Green Tea in the Wheelhouse, extract by Rachel Nwokoro
Gliding on the Thames feels like
Flight.
Welcoming bubbles
And gulls
Silent gulls searching for mini industrial beaches
Greyed sand melts
Around a bald man searching for treasure
Unquestioned waiting
We pass by.
Rachel's Boat Poet residency was aboard Livett's Launches, a family business that has operated on the Thames in London since 1710.

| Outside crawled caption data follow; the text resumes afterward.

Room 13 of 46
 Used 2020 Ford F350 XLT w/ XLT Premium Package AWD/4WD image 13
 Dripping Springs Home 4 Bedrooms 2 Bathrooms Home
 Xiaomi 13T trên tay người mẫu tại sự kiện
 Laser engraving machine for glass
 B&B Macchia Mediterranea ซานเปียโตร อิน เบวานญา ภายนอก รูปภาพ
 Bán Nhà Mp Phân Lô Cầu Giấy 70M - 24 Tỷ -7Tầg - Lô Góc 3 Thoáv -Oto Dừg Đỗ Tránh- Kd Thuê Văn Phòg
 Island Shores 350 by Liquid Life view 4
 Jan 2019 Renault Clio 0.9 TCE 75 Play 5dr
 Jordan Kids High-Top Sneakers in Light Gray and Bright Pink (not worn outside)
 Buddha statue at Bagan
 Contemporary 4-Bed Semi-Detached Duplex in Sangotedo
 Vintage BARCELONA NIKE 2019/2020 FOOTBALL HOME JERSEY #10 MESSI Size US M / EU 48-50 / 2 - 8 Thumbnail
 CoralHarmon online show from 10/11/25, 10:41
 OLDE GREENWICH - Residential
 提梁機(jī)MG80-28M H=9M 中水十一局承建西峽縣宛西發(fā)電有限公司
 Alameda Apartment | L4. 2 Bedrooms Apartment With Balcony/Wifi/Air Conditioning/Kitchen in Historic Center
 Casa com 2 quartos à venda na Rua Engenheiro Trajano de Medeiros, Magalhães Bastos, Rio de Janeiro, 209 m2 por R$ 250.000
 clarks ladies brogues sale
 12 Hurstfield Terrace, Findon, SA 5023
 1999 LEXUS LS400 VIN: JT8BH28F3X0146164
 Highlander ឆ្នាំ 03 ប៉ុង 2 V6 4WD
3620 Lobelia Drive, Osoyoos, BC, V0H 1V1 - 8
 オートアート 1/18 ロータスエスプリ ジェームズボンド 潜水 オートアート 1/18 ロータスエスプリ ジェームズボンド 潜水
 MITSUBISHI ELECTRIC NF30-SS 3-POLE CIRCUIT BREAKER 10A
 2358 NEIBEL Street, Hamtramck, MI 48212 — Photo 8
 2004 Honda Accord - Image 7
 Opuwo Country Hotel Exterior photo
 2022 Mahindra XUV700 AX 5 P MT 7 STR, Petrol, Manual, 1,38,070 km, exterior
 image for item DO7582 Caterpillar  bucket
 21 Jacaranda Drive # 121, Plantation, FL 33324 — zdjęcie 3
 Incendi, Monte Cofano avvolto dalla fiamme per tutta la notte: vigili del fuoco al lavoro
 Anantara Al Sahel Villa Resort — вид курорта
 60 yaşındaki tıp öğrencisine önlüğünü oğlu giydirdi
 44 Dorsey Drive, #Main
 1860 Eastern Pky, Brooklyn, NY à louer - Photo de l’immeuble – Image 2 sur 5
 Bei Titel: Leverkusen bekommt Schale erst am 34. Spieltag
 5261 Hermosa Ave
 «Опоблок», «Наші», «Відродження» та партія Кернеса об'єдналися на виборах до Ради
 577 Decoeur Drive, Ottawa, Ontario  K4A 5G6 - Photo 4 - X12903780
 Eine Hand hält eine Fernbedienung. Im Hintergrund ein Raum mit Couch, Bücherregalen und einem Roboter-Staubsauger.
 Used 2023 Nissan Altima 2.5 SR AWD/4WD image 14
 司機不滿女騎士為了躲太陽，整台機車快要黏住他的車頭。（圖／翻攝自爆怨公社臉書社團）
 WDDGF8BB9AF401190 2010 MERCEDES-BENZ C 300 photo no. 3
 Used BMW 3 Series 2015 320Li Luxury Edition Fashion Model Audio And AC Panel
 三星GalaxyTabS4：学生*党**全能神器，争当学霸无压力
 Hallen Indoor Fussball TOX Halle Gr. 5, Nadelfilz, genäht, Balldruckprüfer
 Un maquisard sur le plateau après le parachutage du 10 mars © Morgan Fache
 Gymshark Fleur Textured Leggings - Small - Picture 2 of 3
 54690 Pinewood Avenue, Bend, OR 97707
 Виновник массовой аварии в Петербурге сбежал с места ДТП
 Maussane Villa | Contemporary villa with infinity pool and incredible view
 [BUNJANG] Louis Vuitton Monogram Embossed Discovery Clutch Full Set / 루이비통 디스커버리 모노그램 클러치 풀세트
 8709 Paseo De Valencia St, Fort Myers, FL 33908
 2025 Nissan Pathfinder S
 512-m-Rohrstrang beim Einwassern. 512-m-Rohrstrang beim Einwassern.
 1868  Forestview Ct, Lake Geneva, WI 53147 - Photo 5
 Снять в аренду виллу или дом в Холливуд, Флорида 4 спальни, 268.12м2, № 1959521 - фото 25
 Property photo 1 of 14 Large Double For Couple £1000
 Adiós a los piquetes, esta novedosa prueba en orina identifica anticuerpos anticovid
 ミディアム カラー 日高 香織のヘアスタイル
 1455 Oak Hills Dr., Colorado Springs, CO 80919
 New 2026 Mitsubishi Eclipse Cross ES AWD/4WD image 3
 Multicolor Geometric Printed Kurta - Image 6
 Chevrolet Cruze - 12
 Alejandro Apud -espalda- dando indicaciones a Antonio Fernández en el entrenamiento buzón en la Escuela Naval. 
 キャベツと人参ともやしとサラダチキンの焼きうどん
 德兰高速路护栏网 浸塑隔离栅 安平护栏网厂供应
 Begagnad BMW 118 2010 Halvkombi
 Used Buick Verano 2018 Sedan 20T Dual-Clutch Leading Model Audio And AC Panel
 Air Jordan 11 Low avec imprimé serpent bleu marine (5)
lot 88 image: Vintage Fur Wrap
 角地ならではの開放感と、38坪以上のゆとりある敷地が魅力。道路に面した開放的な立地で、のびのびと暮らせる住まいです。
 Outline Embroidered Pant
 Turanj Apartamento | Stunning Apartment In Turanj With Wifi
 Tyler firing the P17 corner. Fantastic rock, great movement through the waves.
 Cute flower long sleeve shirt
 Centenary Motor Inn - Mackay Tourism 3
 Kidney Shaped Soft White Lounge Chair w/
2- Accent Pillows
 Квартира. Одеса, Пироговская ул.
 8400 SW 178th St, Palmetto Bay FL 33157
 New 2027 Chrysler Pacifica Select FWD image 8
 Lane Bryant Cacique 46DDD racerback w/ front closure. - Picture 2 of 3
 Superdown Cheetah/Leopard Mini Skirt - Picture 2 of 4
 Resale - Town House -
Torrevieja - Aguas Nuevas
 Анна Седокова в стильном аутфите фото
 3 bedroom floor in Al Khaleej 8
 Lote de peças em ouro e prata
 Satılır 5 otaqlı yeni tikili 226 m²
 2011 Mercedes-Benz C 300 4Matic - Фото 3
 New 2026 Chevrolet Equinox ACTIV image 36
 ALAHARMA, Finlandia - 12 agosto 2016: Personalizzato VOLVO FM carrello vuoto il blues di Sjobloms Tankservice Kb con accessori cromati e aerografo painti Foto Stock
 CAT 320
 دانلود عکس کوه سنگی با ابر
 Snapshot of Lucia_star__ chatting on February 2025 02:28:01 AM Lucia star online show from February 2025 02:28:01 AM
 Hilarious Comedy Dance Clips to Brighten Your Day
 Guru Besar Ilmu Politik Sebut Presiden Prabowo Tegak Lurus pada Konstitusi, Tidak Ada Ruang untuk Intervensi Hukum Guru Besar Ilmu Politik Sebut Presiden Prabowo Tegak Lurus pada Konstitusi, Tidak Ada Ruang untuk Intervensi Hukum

Devour by Jeremiah 'SugarJ' Brown
The surface is camouflage green,
a flat fronted boat rustles through
water like it were undergrowth.
DEVOUR
stands more as warning than name.
I watch boat front turn to teeth
as it eats its way through water,
never full, never filling up.
The lady next to me has braided hair
she is eating Wasabi, rice and chicken curry.
I want some
She gets up as soon as I think this, selfish.
Relocating to the other side for a window seat,
I watch her become DEVOUR, only different.
She eats and is filled up.
Puts lid on box and is full.
Unlike her DEVOUR is white.
Jeremiah was resident Boat Poet with Thames Clippers who run the fastest and most frequent fleet on the river.
The Riverbank by Erin Bolens
More purpose than a lake.
Less ambition than the sea.
More romance than a road.
Well no one has Friday drinks by the M1 do they?
No one has a favourite set of traffic lights
or goes for picnics on a dual carriageway.
I never stop and pause just to listen to cars
or wave to people on bridges when I’m driving.
I certainly wouldn’t pay for a roundtrip in a taxi.
What is it about watching water?
What do we withdraw from riverbanks
that has us always coming back?
Erin joined Bennett’s Barges for her Boat Poets residency, who have one of the largest fleets of barges on the Thames.
Self Portrait as River by Caleb Femi
You look inside yourself
and see a trick mirror
rippling a version of your face and a hydro-panic settles into you.
The first mirror was a river.
The first face met a question
that split it in two.
Who is on the right side?
The you that you know, who sits
counting all the wet days of summer?
Or the you that you do not know,
who exists on neither side of maritime law;
the searcher, the possible,
the transparent eye?
Caleb is a spoken word poet and last year's Young People's Laureate with Spread the Word. Caleb worked with some of the Rivers of the World pupils last year and wrote this poem in response to the project.